# festool fastener solution.. 12 drawer sortainwr?



## Rich D. (Oct 14, 2011)

Hey guys,

Im looking for a better way to carry a stock of fasteners used on a daily basis from job to job. I dont want to carry huge box quanitys just a box of each at the most.. (more like a handfull & job left overs)

Currently im using a 5 gal bucket with the drop-in inserts that stack..

Ive been looking at sortainers lately. Really want one...

Im thinking the 12 drawer festool sortainer. Probably with each drawer seperated in half so i have 24 compartments.

What do you guys think? Suggestions? Size suggestion?

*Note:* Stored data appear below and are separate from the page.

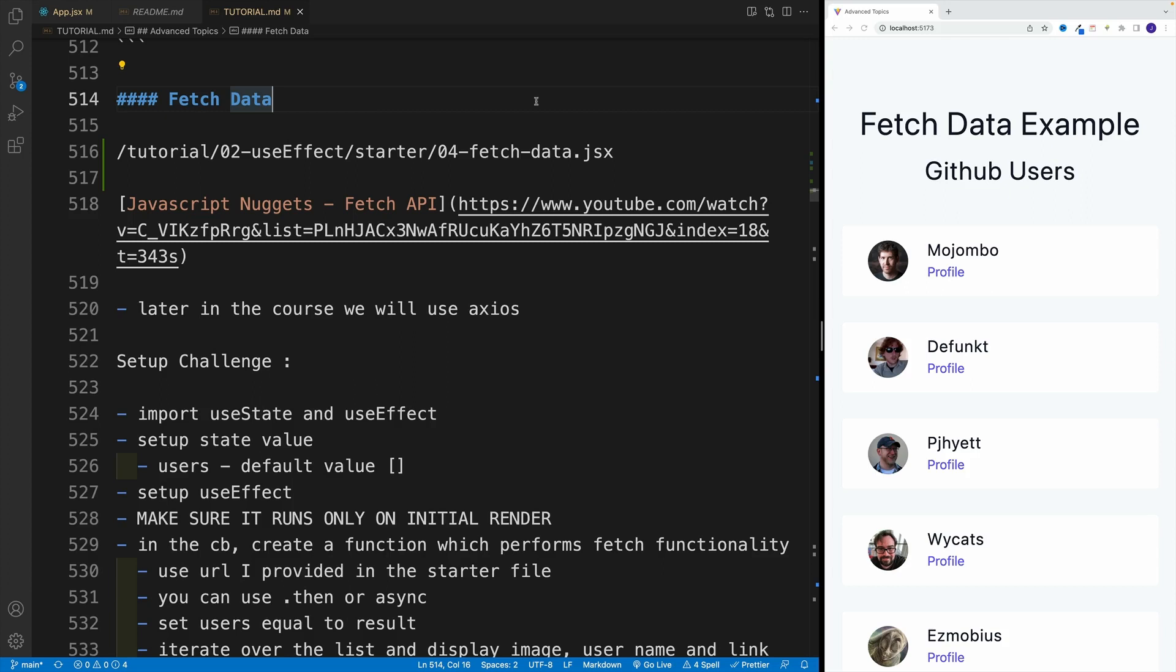And once we're familiar with the useEffect basics, why don't we work on a little challenge where essentially, I want you to fetch some GitHub users from the URL and render them on the screen.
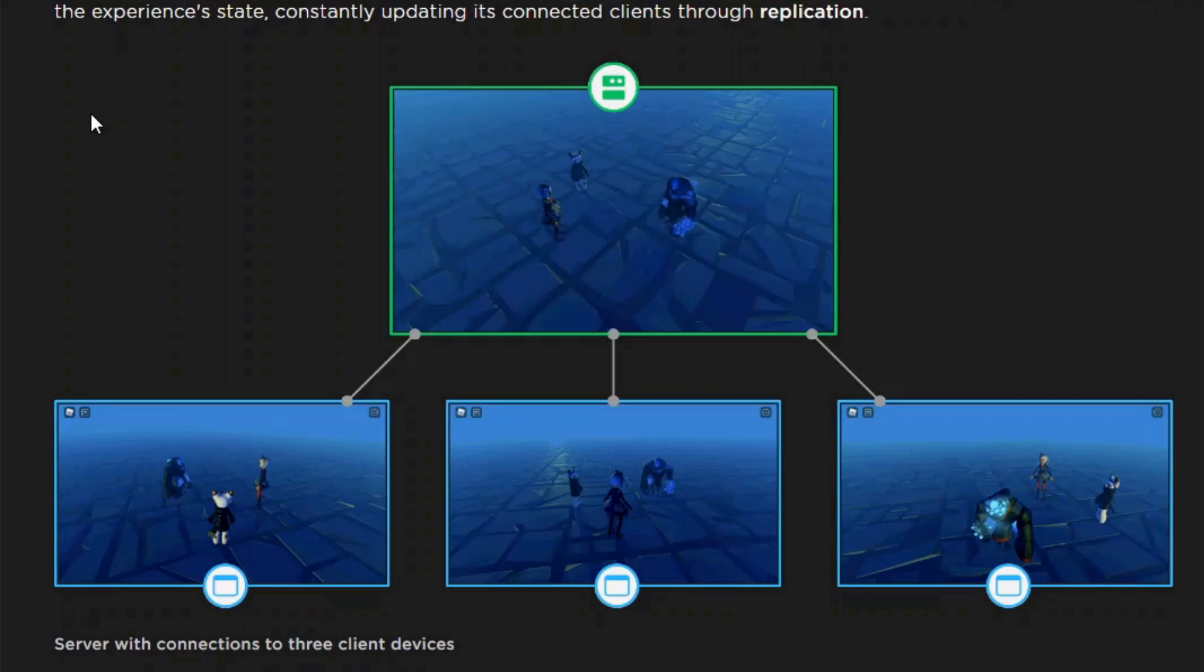Where networking comes in is when you can pass specific data from the client to the server, or vice versa. To do this, we use remote events and remote functions.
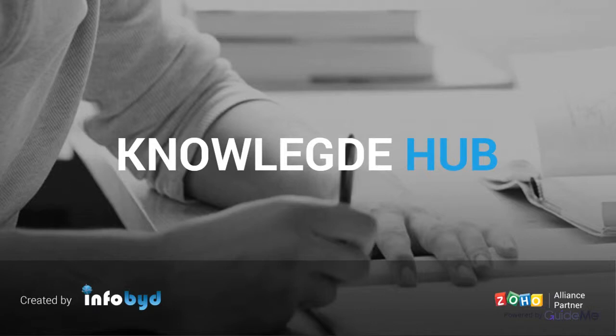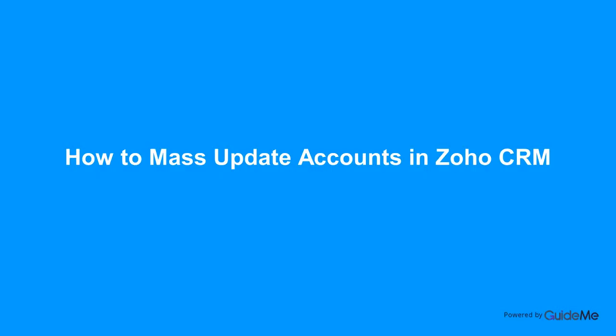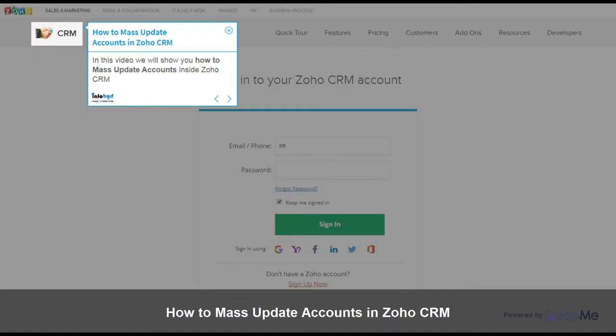Welcome to Infobid Knowledge Hub. How to Mass Update Accounts in Zoho CRM. In this video we will show you how to mass update accounts inside Zoho CRM.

This is what i like to have on hand.

1 1/4-3 1/2 coated deck screws

3/4-1 1/2 mcfelley square head screws

2-3 1/2 spax screws

2 1/2 cabinet hanger screws

1 1/4&2" drywall screws

Trim head screws 11/4

Teks & asstd self tapers

Roofing nails

Kreg screws 11/2
&plugs

Assorted Tapcons 

Mushroom head hit pins

Concrete anchors, drop in and stud type 1/4-1/2"

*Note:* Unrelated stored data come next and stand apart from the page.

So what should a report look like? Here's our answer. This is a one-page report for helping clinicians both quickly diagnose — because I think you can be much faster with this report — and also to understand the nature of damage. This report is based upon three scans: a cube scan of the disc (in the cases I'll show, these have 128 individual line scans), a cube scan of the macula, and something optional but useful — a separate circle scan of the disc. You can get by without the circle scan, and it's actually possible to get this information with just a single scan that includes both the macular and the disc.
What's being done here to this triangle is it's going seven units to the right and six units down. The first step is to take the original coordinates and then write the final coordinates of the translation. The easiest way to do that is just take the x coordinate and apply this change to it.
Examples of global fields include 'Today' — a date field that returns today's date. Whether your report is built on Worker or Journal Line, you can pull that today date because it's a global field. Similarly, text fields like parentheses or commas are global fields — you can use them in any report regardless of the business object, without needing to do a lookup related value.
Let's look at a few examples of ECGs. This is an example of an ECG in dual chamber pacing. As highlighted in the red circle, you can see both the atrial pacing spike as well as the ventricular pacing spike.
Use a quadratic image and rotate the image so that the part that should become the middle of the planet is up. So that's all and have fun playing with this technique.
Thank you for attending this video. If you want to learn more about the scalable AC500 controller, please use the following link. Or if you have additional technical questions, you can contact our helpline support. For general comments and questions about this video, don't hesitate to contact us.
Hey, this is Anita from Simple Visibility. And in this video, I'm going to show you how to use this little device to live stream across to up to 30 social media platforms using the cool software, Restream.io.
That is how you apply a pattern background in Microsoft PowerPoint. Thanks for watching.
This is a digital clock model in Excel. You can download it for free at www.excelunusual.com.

Recomendations and pictures appreciated!


----------



## jhark123 (Aug 26, 2008)

I love my sortainer, but looking back I'd get more, smaller systainers instead.

You would have just ast much capacity in two tlock 1 box systainers.


----------



## Rich D. (Oct 14, 2011)

jhark123 said:


> I love my sortainer, but looking back I'd get more, smaller systainers instead.
> 
> You would have just ast much capacity in two tlock 1 box systainers.

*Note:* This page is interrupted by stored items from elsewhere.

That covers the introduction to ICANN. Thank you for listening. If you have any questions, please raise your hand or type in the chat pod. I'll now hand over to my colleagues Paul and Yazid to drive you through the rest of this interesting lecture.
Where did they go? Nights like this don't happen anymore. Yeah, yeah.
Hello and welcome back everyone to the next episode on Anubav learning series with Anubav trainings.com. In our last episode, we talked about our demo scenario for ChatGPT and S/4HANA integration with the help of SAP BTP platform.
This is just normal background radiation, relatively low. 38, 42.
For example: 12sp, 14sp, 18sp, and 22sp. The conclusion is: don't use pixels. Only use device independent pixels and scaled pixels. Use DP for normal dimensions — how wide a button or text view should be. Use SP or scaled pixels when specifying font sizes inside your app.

 Just keeping the fasteners in their original packing?

I do like the convience of pulling a drawer out and having it right there though :thumbsup:


----------



## WarnerConstInc. (Jan 30, 2008)

I have a sort 4 I keep my c12 in along with bits, tips, and other drill related items. 

I have a 9 drawer that I still don't have filled up. 

For screws and fasteners, I would highly suggest getting a sys box or two. When the lid is latched, you can't mix up the screws.


----------



## Rich D. (Oct 14, 2011)

Thanks warner.. thats an idea.

Maybe a sortainer 12 with one of those stacked on top... That would be nice!


----------



## Rich D. (Oct 14, 2011)

And i should buy this before march 1st :laughing:


----------



## jhark123 (Aug 26, 2008)

I was suggesting two of what Warner posted, only in Tloc.


----------



## Rich D. (Oct 14, 2011)

jhark123 said:


> I was suggesting two of what Warner posted, only in Tloc.


Sorry i was confused at first.. now i see. Thanks..

I might be going that route. I can buy 2 sys1 with the removabale bins for less then a systainer 12..


----------



## Inner10 (Mar 12, 2009)

I use the sortainer.



If I need a lot of fasteners I begin a big bulk box in, but 90% of the time I just keep this little guy stocked.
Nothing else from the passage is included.